Kubernetes is a complicated piece of machinery that consists of multiple different tiny components. If you were missing even one of these components, the cluster would not function properly, and you might even experience severe downtime for your applications. Imagine applying a deployment manifest, but your pods get stuck in a pending state. You try to debug what’s going on but the pod is not even generating any events even after a few minutes have passed.
Whenever you create a pod in Kubernetes, there are a few things that happen behind the scenes. First, the pod is assigned to a particular node in the cluster. After the pod has been assigned to a suitable node, the pod is created, and the containers within it are started.

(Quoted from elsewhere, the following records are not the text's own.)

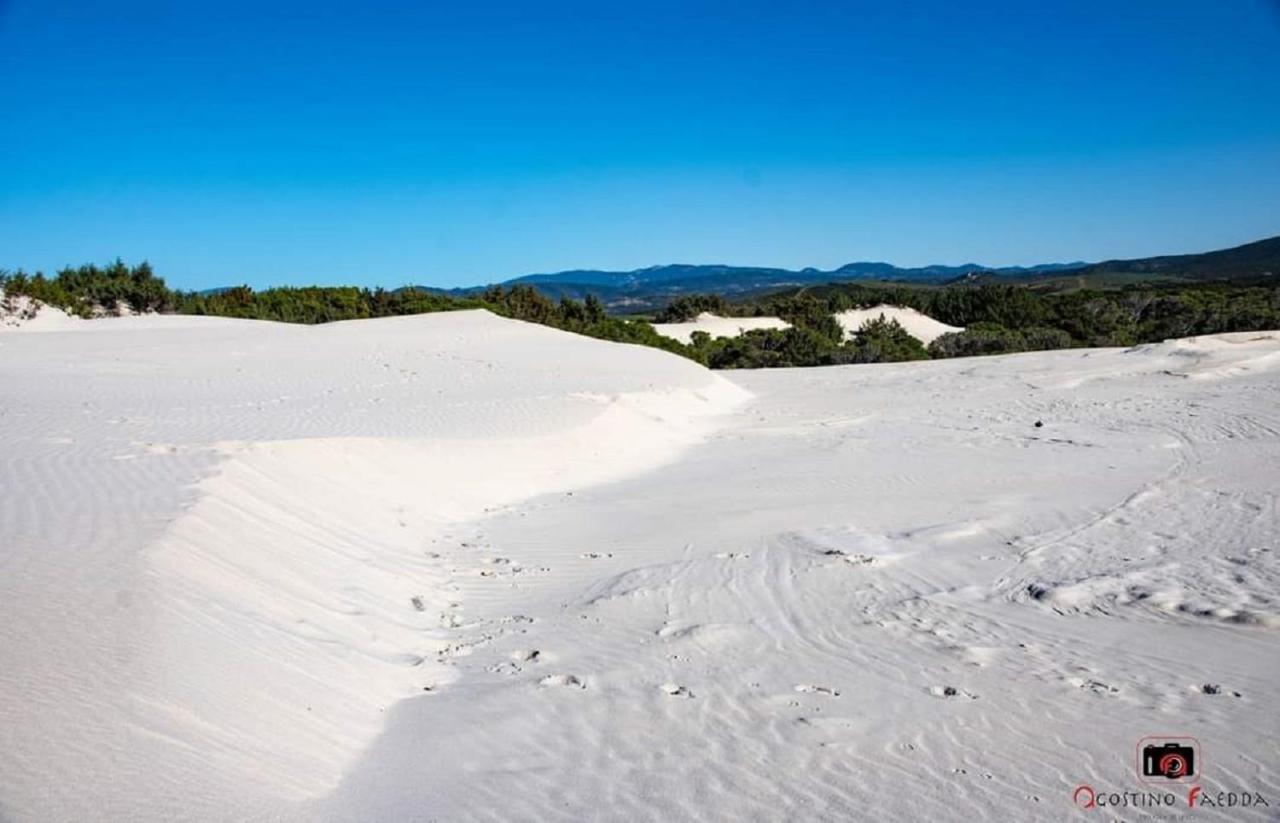 Вилла Casa Vacanza Le Dune Сант'Анна-Аррези Экстерьер фото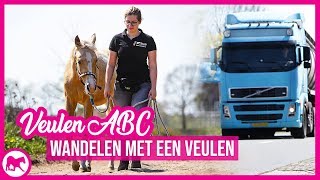 Veulen ABC  Wandelen met een veulen  Bombproof [upl. by Vanzant]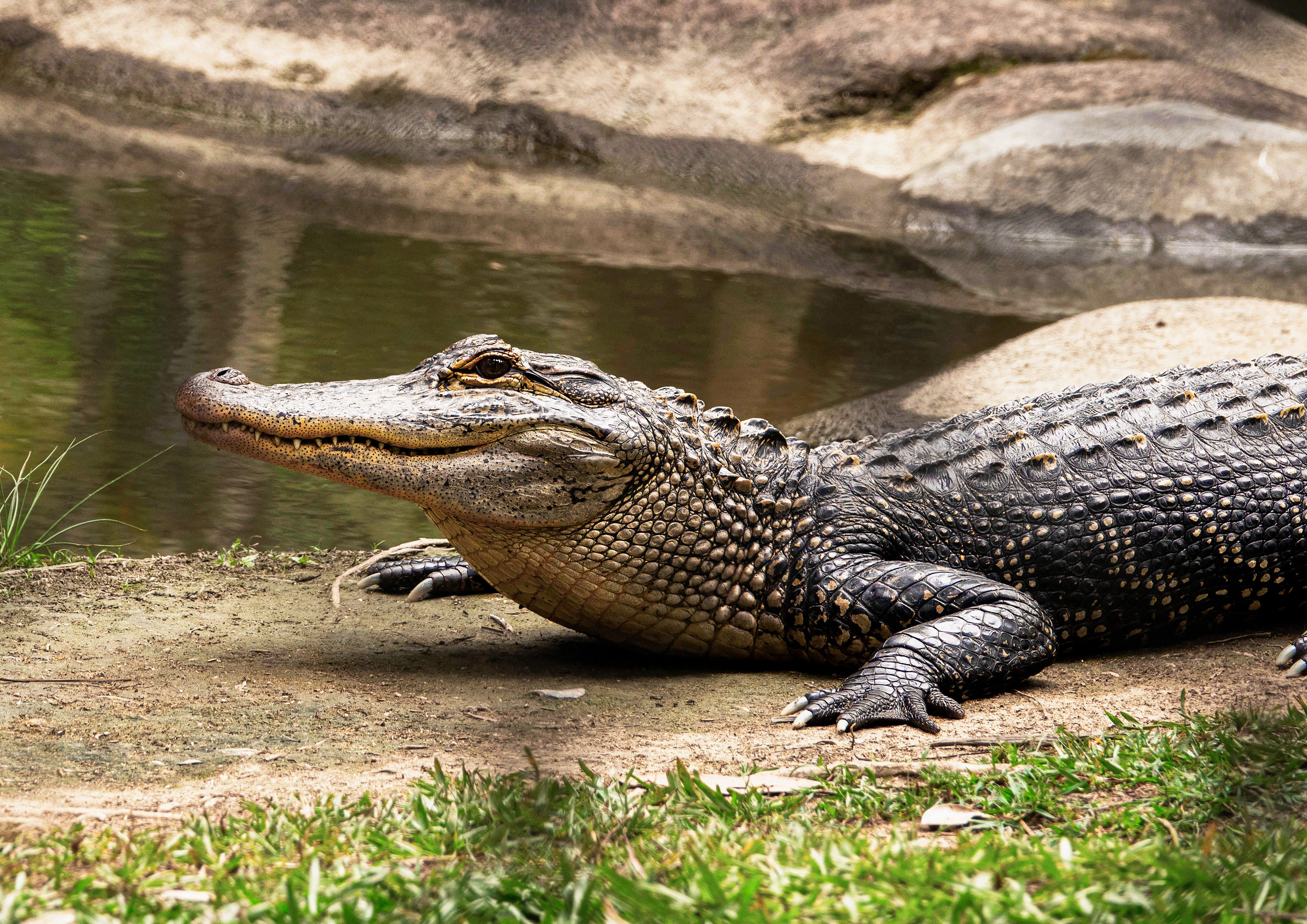 Крокодил картинка. Австралийский узкорылый крокодил. Пресмыкающиеся крокодил рептилии. Квинкан крокодил. Сухопутные крокодилы квинканы.
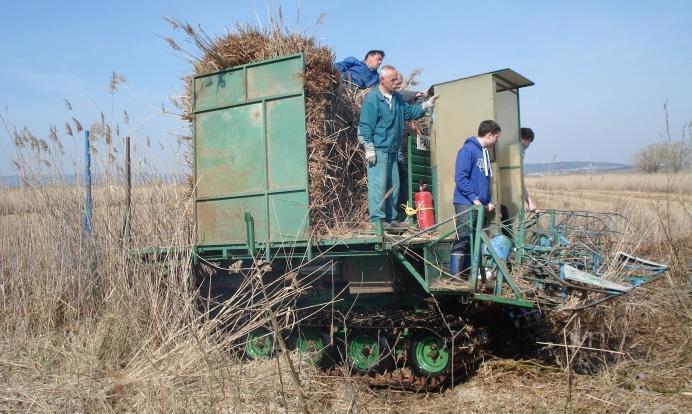Harvesting technologies for reed Operational Characteristics Conventional harvesting vs.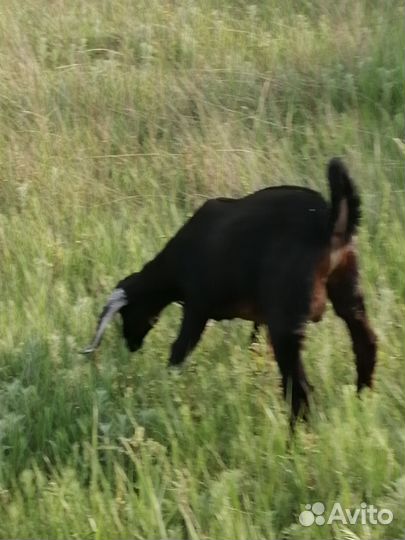 Нубийский козел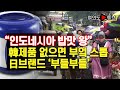 [여의도튜브] “인도네시아 밥맛 왕” 韓제품 없으면 부엌 스톱 日브랜드 '부들부들' /머니투데이방송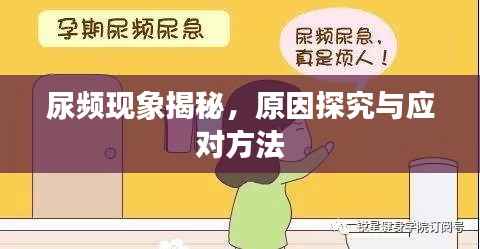 尿频现象揭秘,原因探究与应对方法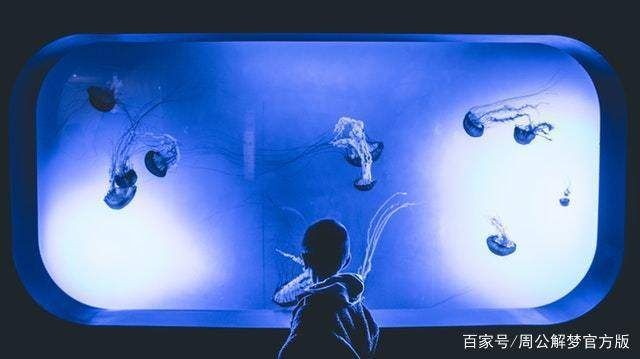 如何區分紅眼白子招財龍魚的亞種，如何區分紅眼白子招財龍魚的亞種？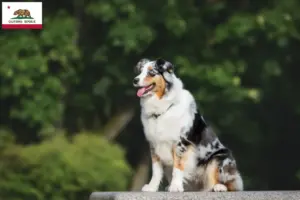 Read more about the article Australian Shepherd breeders and puppies in California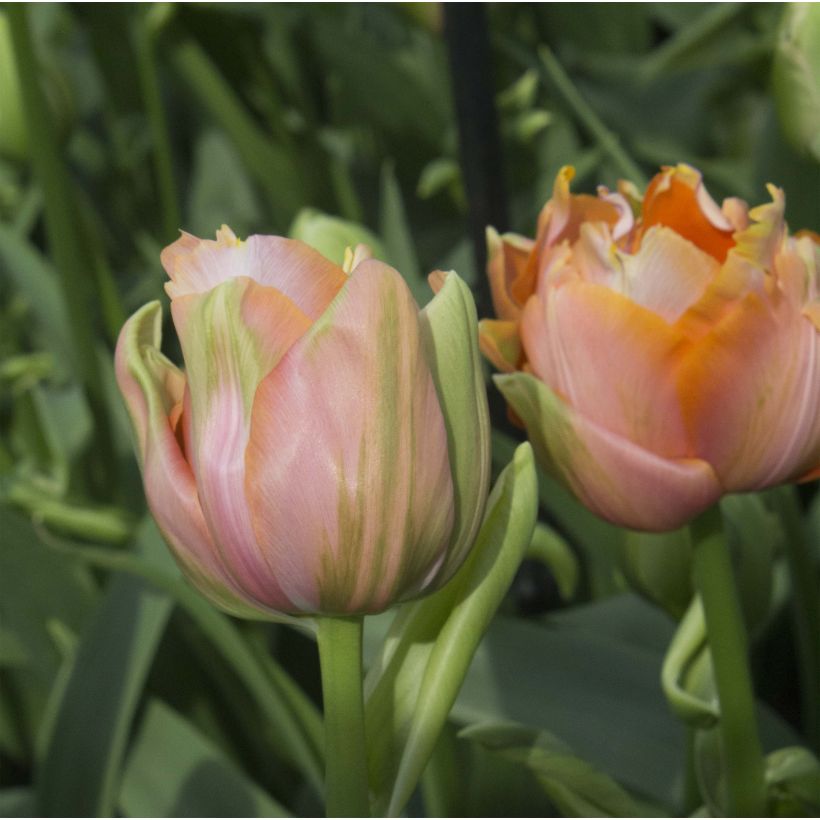 Tulipano Menton Unique (Fioritura)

The two components responsible for the above process are the kube scheduler and the kubelet respectively.
A pod runs on a node within the Kubernetes cluster, and the node contains the kubelet and system resources that are required for running the pod. However, when assigning a pod to any node, it must be ensured that the node has sufficient resources to run the pod or you may face an OOMKilled error or degraded application performance due to a lack of sufficient CPU/Memory resources. By default, the kube-schedulers filter and select the appropriate node for scheduling the pod.
Within this blog, you will learn about scheduling in Kubernetes, how the Kubernetes Scheduler assigns pods to nodes, and what are some of the methods that are used for scheduling in Kubernetes.
How Does the Kubernetes Scheduler Work
When a pod is created in Kubernetes, it will always go into a pending state, until it knows where the pod should run. Before the kubelet of any node can go and create the pod, it needs to be placed on a node. The kube-scheduler
is responsible for evaluating the nodes, and placing the pod on a node with sufficient system resources i.e. CPU, memory, and storage, or any specific constraints that are set by the user.
Once the scheduler places the pod on a node, the kubelet will create the pod and spin up the containers within it. When the scheduler tries to schedule a pod to any node, there are a few different stages that the scheduler goes through.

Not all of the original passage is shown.